Padre Miguel Neto

Da minha janela vejo o mar. Não o mar calmo e azul do Algarve, o mar que aprendi a amar e ao qual desejo regressar sempre, mas o mar agreste do norte, aquele que separa a Escócia da Irlanda, dois países que têm muito mais em comum do que a maioria das pessoas sabe, já que partilham uma origem, antepassados, um espírito guerreiro e amante da liberdade, que os tornou tantas vezes combativos e agrestes.

Este mar tão intenso e tão absolutamente profundo é a maior riqueza de quem aqui vive: garante alimento, garante o combustível, garante a circulação de pessoas e bens. É uma verdadeira autoestrada desta parte do mundo, onde se cruzam nativos de pesca, navios mercantes, petroleiros e ferryboats, que transportam veículos e pessoas.
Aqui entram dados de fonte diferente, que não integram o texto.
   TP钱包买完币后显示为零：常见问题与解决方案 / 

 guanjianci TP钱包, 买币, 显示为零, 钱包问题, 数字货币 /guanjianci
Podia ser, o mar a que me refiro e para o qual olho, um obstáculo a tudo, mas não o sinto assim. Conversando com os habitantes locais percebo o seu intenso amor por este oceano, que traz vagas imensas às vezes, mas que atrai a fauna mais espetacular em diversas alturas do ano: focas, leões marinhos, pássaros de muitas espécies que aqui nidificam. Nasceram perto dele e perto dele querem ficar, ainda que por vezes viagem para longe em busca de oportunidades diferentes. Regressam e constroem negócios: empresas de pesca (aqui, por exemplo, produzem-se muitos mexilhões), empresas de laticínios, empresas turísticas.

Procuram-se e encontram-se. Olham para si e para a natureza que os envolve e são simultaneamente forças criadoras e criativas e de destruição e transformação. Vivem longe, mas não isolados. O mar que aparentemente os afasta do mundo, é o mar que os leva para qualquer lado onde desejam ir. Esse mar que é uma corrente inspiradora infinita e que serve a mão de Deus no trabalho de unir e de estabelecer sinergias e pontes, de criar verdadeiramente humanidade. Esse mar que é sinal Dele e marca em todos os que nele vêem espelhada a sua condição humana.

Olhando para o oceano espumoso e livre e recordando os que nestes dias têm partilhado comigo o seu tempo, as conversas e os sentimentos vejo como afinal estamos tão próximos: navegantes de facto, como reza a história de Portugal e navegantes da vida, procuramos respostas nos outros. Buscamos em quem passa pela nossa existência confirmação de que podemos ser felizes e fazer os outros felizes. Como barcos que se cruzam, transportamos dentro de nós tudo e nada e esperamos que aportem em nossos corações mercadorias felizes e positivas trazidas por aqueles que nos importam. E como podemos fazer isso se não tivermos a noção de que o mar é um espaço de liberdade, um espaço de respeito e de transformação?

Este mar que aqui permanece e que inspirará muitos outros melhores que eu trouxe-me hoje a casa, porque só lá chego quando consigo abrir o meu coração e sentir que nada vale a pena se não for capaz de vencer as vagas e abraçar terra, abraçar quem me espera e levar toda a vontade de amar, amar de verdade, não como nos romances de cordel, amar com o sentido que Deus nos quis incutir e desafiar a atingir. E hoje fiquei mais feliz e mais perto dos que tenho a meu cuidado e me têm a mim a seu.